> What to produce
Among the entries below, one line contains "The heathen in his blindness" and another contains "Marketing w wydawnictwie - Alison Baverstock". Transcribe those two lines and every line between them, exactly.

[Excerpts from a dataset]
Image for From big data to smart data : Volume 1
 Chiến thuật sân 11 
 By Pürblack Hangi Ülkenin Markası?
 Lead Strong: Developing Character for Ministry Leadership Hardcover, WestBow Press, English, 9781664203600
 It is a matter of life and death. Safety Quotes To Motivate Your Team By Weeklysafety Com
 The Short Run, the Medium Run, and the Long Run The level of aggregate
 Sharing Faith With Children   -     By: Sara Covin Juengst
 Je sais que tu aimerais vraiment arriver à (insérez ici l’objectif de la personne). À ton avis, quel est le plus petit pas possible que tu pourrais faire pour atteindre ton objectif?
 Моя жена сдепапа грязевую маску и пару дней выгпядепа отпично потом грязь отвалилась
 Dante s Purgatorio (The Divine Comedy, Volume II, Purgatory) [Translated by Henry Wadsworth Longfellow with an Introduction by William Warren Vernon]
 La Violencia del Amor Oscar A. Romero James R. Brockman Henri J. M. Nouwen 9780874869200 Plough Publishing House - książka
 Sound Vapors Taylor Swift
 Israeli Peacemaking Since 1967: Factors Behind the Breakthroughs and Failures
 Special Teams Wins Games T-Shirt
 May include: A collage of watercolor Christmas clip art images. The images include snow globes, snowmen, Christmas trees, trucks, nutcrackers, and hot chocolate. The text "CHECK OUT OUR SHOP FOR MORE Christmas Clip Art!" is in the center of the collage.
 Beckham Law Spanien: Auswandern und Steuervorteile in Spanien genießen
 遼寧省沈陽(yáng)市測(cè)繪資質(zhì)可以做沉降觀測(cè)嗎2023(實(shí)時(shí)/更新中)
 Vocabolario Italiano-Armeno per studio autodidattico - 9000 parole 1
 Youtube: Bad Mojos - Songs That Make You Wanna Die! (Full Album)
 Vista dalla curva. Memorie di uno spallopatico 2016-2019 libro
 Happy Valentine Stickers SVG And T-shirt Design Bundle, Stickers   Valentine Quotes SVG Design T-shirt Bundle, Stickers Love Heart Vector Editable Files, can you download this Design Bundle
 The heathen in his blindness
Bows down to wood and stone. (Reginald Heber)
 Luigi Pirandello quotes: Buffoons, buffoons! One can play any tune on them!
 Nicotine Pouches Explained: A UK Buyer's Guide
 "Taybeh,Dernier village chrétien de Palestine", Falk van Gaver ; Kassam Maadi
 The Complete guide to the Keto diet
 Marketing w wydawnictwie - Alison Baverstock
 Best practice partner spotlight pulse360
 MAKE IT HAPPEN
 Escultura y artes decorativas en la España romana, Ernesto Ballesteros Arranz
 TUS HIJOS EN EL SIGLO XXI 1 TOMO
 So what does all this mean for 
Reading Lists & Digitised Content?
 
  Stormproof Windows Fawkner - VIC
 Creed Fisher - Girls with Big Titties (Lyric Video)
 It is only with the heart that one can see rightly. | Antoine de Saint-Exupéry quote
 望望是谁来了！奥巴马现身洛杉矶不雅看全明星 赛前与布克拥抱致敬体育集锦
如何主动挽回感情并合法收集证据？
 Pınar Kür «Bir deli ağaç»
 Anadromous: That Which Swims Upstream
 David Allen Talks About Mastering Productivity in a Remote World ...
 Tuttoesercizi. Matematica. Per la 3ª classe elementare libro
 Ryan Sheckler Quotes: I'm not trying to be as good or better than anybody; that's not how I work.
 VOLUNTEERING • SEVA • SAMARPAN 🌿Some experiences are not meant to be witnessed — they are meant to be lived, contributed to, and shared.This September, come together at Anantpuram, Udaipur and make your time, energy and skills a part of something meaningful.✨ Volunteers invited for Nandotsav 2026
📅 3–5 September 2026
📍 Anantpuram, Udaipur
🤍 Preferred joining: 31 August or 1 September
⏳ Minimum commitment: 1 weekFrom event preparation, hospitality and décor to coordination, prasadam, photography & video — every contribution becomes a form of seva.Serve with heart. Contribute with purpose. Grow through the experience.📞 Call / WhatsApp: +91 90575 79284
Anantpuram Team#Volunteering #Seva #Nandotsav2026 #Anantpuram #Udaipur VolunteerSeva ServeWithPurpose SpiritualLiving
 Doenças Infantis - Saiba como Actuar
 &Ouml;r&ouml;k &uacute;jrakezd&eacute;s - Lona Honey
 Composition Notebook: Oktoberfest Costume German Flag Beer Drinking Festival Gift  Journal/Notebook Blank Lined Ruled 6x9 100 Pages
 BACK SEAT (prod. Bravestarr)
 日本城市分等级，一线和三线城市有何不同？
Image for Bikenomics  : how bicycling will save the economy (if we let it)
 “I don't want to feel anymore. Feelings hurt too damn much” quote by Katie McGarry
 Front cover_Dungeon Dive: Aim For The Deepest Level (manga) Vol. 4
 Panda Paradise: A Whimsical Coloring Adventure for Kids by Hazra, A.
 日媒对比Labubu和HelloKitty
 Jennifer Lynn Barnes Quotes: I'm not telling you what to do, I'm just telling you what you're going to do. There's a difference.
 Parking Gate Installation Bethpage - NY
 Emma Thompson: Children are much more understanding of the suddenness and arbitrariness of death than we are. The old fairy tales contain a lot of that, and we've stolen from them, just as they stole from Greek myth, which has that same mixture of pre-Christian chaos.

> Response
 The heathen in his blindness
Bows down to wood and stone. (Reginald Heber)
 Luigi Pirandello quotes: Buffoons, buffoons! One can play any tune on them!
 Nicotine Pouches Explained: A UK Buyer's Guide
 "Taybeh,Dernier village chrétien de Palestine", Falk van Gaver ; Kassam Maadi
 The Complete guide to the Keto diet
 Marketing w wydawnictwie - Alison Baverstock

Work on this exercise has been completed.